> _Problem to solve_:
Below are entries; copy exactly, and only, the lines from the one containing "Free People She’s" through their final line, leaving out pictures.

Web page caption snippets
■ ■ ■ ■ ■

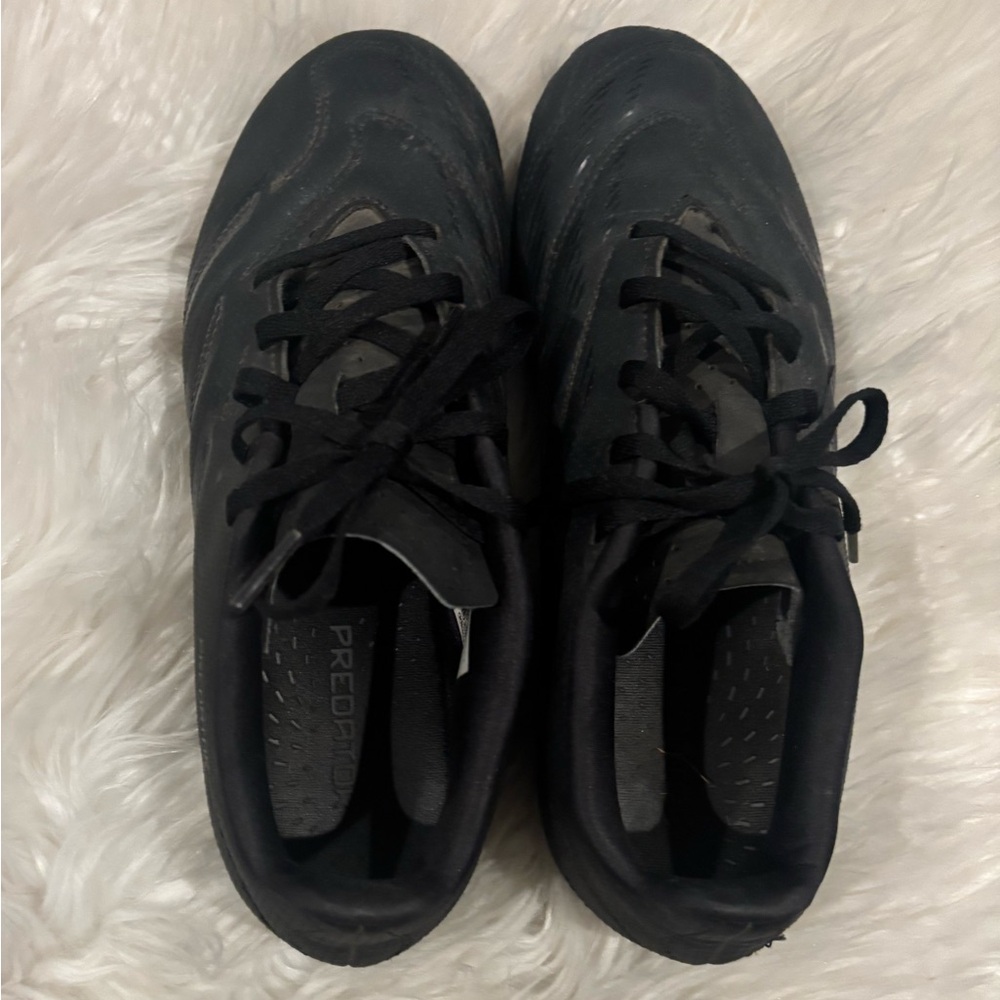 Adidas Predator Black and Gold Athletic Shoes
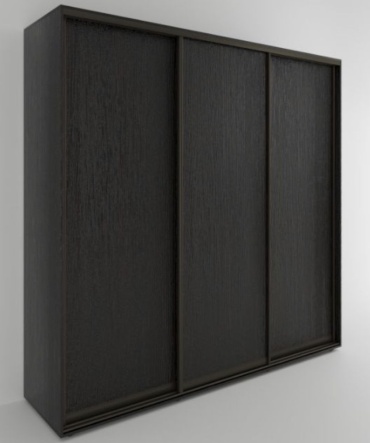 Шкаф-купе ТОО АТЛАНТИК Ltd Венге 220 Z, 220x230х60 см, черный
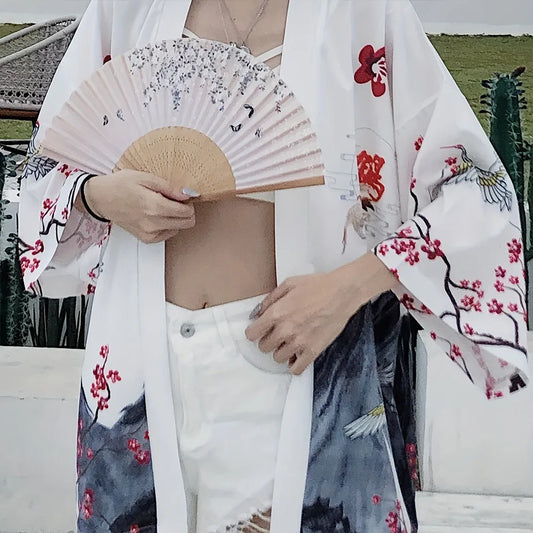 Silk Kimono Top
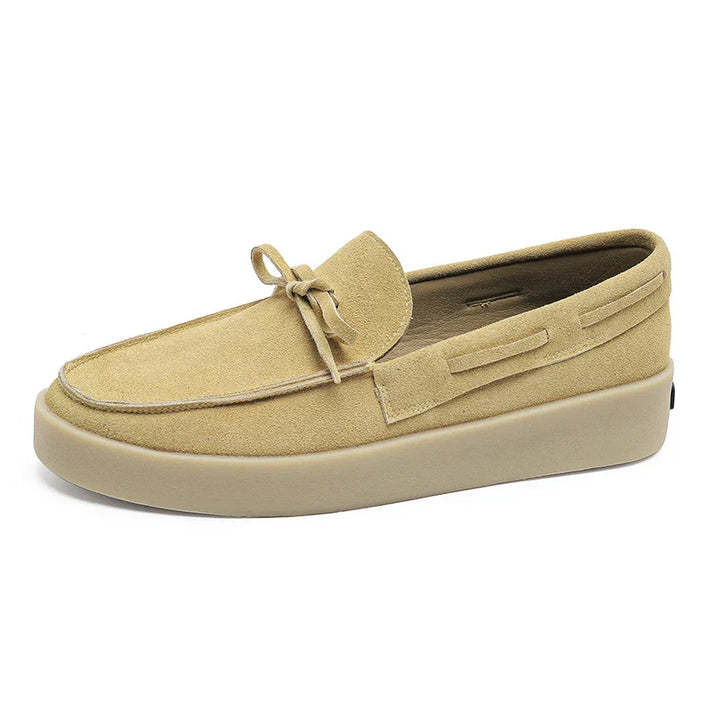 Leo - Casual Men's Orthopedic Loafers with Lace Detail and Chunky Sole
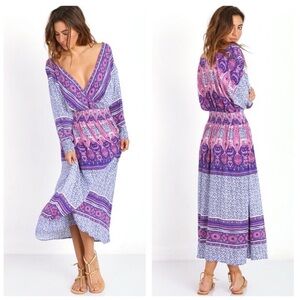 Free People She’s a lady reversible boho print dress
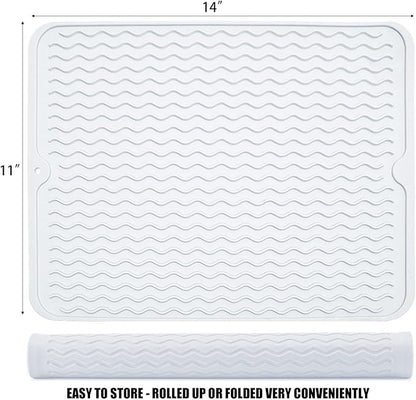 Large 14" x 11" Silicone Dish Drying Mat - Image 4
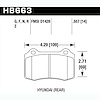 Disc Brake Pad Performance Ceramic w/0.557 Thickness - image 1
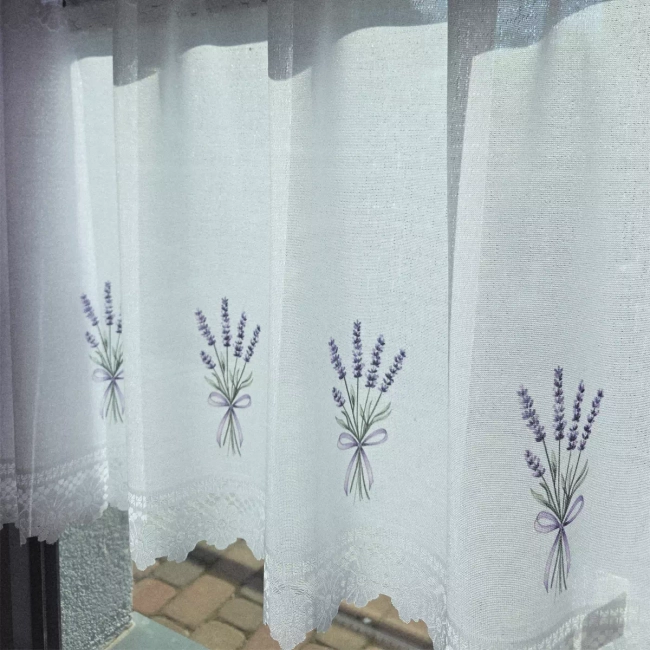 zazdrostka do kuchni LAWENDA - elegancka zazdrostka do kuchni - z obszyciem boków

■ ■ ■ ■ ■

> _Reply to the task_:
 Free People She’s a lady reversible boho print dress
 Large 14" x 11" Silicone Dish Drying Mat - Image 4
 Disc Brake Pad Performance Ceramic w/0.557 Thickness - image 1
 zazdrostka do kuchni LAWENDA - elegancka zazdrostka do kuchni - z obszyciem boków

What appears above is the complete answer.